In winter, comparisons of source factor and component associations with cardiac end points were somewhat internally consistent, although less so for rMSSD than for HR. Only four elements, along with EC, were associated with increased rMSSD: Ba, Zn, As, and Rb. The combined motor vehicle and iron/steel factor was loaded with Rb, Al, Cr, Mn, Zn, and Ba. Therefore, three of six elements showed internal consistency. EC was also significantly associated with increased rMSSD, strengthening our confidence in the association. Of the nine elements highly loaded on the coal/secondary sulfate factor (Rb, Cd, Sb, Pb, S, V, Zn, As, Se), which was significantly associated with rMSSD, only three were associated with rMSSD in univariate models (Rb, Zn, As). Several of these elements (e.g., S and Se) that are commonly regarded as tracers of coal combustion were not associated with rMSSD. Based on these findings, we did not observe a clear and robust association between a source factor and rMSSD, although the association was stronger for the motor vehicle and iron/steel factor and its constituents than for the coal/secondary sulfate factor.

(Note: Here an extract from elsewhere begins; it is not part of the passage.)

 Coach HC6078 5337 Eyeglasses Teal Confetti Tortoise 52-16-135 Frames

These findings, taken together, suggest the need for caution when interpreting the results of factor analyses when applied to health data sets. Both individual constituent relationships and source factor analyses should be considered; source factor analyses in isolation may not present a complete picture. To our knowledge, only one other toxicological study (Chen et al. 2010) and one epidemiological study (Sarnat et al. 2008) have compared the two types of analyses. Chen et al. (2010) concluded that component-specific analyses provide insights beyond those attainable considering only source factors; Sarnat et al. (2008) observed generally similar findings, but their analyses were not entirely comparable to ours because of the use of tracers (we considered all elements in univariate models).

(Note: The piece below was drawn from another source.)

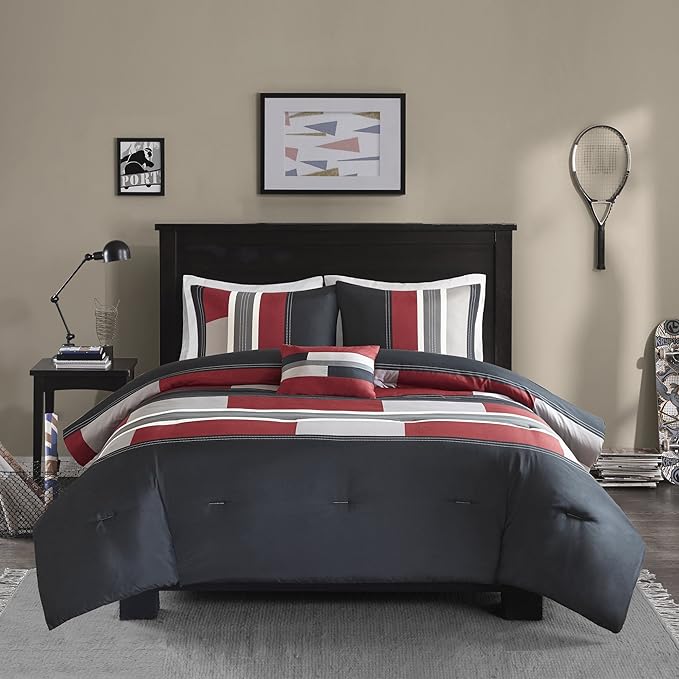 Comfort Spaces Casual Comforter Set Sporty Design, Vibrant Color, Active Lifestyle Boys Bedroom Décor, All Season Soft Microfiber Bedding Set, Decorative Pillow, Sham Black/Red Twin/Twin XL 3 Piece - LeafyLoom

Several other toxicological studies have evaluated HRV in conjunction with PM components and/or source factors, although none with the high time resolution reported in this study. In Tuxedo, New York, Lippmann et al. (2005) found significant associations between resuspended soil, secondary sulfate, and residual oil factors and HRV parameters. Other work at the same location (Lippmann et al. 2006) suggested a significant effect of nickel (Ni) on HRV in ApoE−/− mice. We did not observe an association between HR and HRV parameters and Ni, and concentrations were relatively comparable; however, the New York exposures were much longer than our study. In our summer exposures, average Ni was 53 ng/m3, with a peak of 211 ng/m3 on 1 day, whereas in the New York study the mean Ni concentration was 43 ng/m3, with Ni peaks of about 175 ng/m3 on 14 days. Those 14 days had unusually low PM mass and V, a pattern that was opposite from what we observed on the high-Ni day (high V and high PM mass). In the winter season in Detroit, Ni was very low, with > 60% of the values below our assay limit of detection.

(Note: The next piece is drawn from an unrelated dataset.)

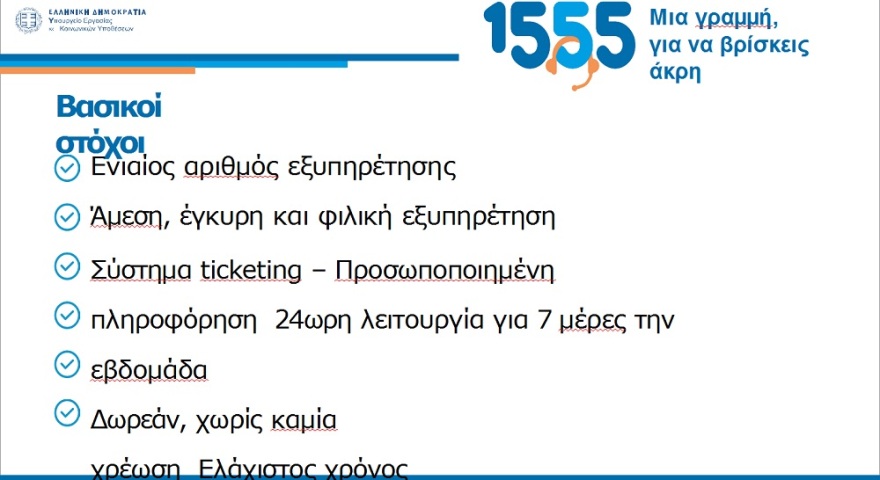 Χατζηδάκης: Σε πλήρη λειτουργία το 1555 για ασφαλισμένους, συνταξιούχους και εργαζομένους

Our large data set, consisting of 208 exposure and outcome values per animal, covers only the exposure period at present. It would be of great interest to analyze nighttime, nonexposure data as well, and we plan to conduct such a secondary analysis. Other investigators have observed significant responses during nighttime hours (Chen and Hwang 2005; Lippmann et al. 2005).
Our results suggest that multiple PM components play a role in acute cardiac responses in rats exposed to Detroit CAPs. Our findings also illustrate the need to consider, in a holistic manner, both component-based and source-factor–based analyses when interpreting data. Taken together, these two approaches can yield valuable information regarding the relative toxicities of different constituents. The work reported here describes a novel and powerful tool to link highly time-resolved exposure data with health outcomes, thus providing a significant improvement in our ability to identify the sources and biological effects of specific PM components.

Article Notes

Supplemental Material is available online (doi:10.1289/ehp.1002831 via http://dx.doi.org/).
We thank E. Snedeker of Maybury Elementary School for her support at the study location in Detroit.
This study was supported by the Electric Power Research Institute (EP-P15909/C7932) and the U.S. Department of Energy’s National Energy Technology Laboratory (DOE-NETL; DE-FC26-03NT42303).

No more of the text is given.